Sick as A Dog and other idioms

My dogs would never be featured in a horror tale; unlike Cujo in Stephen King’s novel of the same name, neither Dexter nor Comet seem to have anything more  menacing than licks and the frequently crowding when I  try to get my shoes on.   Nor would they be featured in a tale of heroic service  like those featured in newspapers, magazines and books on the K-9 military dog.  Only vaguely do i recall a tale about dogs escaping from a Government lab for germ warfare and going on an happy-go-lucky adventure in Middle  America.

but perhaps the germ warfare tale is a little closer to home.  Dexter and Comet have a vital role in distracting me from focusing on a persistent cold this season.  I’m a bit of a hypochondriac in my middle age you see.  After many years of being in close quarters with people in the Navy, we shared various colds and flu every time we were about to set off on a deployment.   And after many annual bouts of being violently ill apparently  due to a food allergy.  I would never make it in my wife and son’s nursing profession as my constitution is just not what it was twenty-five years ago.

I don’t go to extremes of locking myself away or wearing a necklace of garlic to ward off evil germs, but I am more focused on getting sick than preventing others from becoming sick.  I am using self-talk a lot to not dwell on the scratchy throat coming, but realize in the following morning that I may have been contagious to those I ate dinner with!  But my medicine cabinet is stocked with two kinds of daytime cold remedy, two kinds of nighttime remedy, allergy pills, six bottles of various vitamins – the gummys are the best – assorted bandages and methylated patches for aches and such.
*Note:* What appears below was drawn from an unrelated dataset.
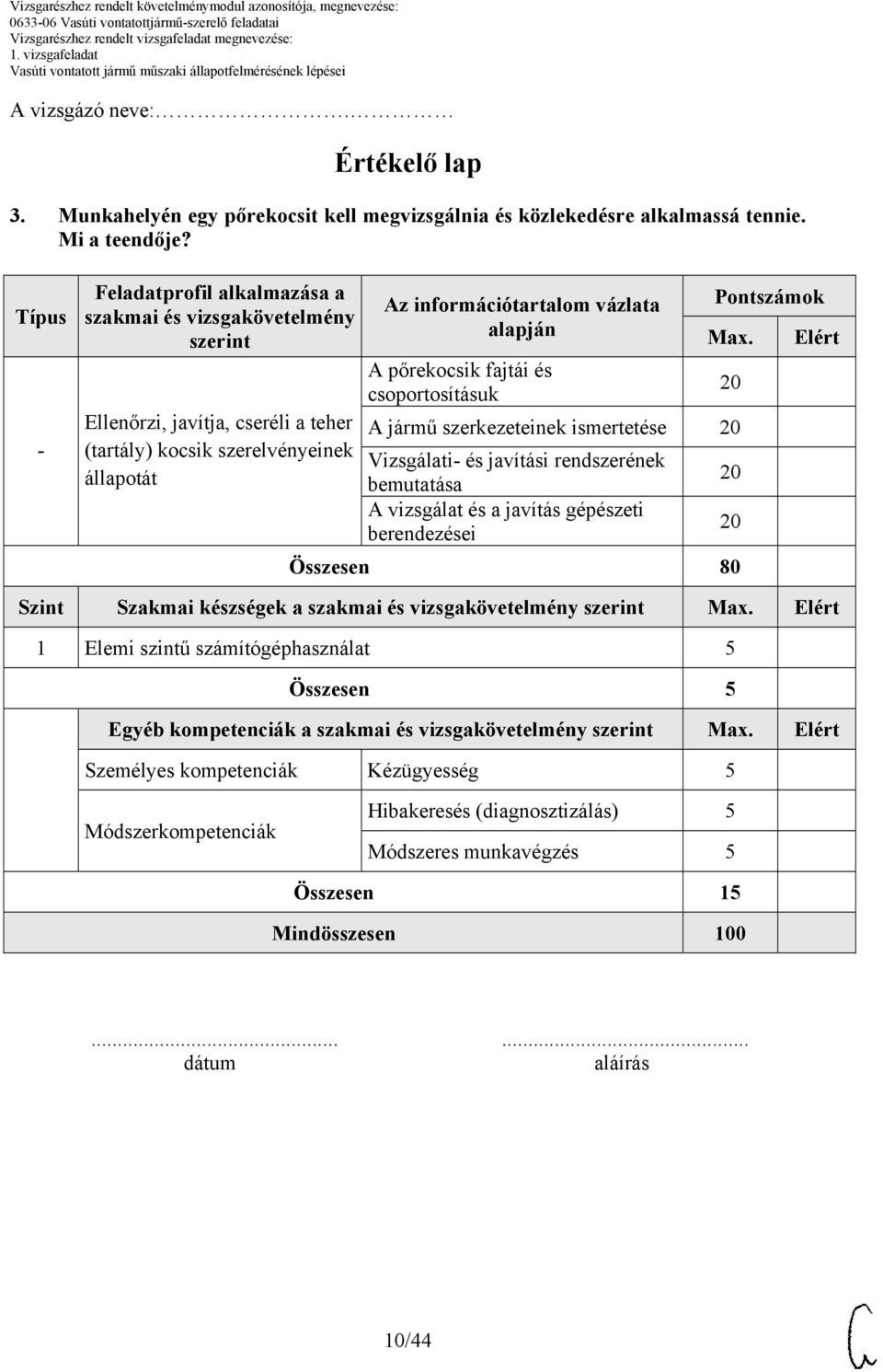 A pőrekocsik fajtái és csoportosításuk Ellenőrzi, javítja, cseréli a teher A jármű szerkezeteinek ismertetése (tartály) kocsik szerelvényeinek Vizsgálati- és javítási rendszerének állapotát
For the dogs, we have chew-bones, and dog food.  I hear all the radio advertising about vitamins and remedies for their aches and ills,  but don’t see any need.  We  have yet to ever experience them getting ill except in the last years of a dog’s life.  Absent the various tick and flea-borne illnesses – they don’t get as much contagious contact on our walks as perhaps the pampered pooches in doggie day-care.

So “sick as a dog” doesn’t have a frame of reference here in our home.  Maybe “sick as The Man” is more appropriate?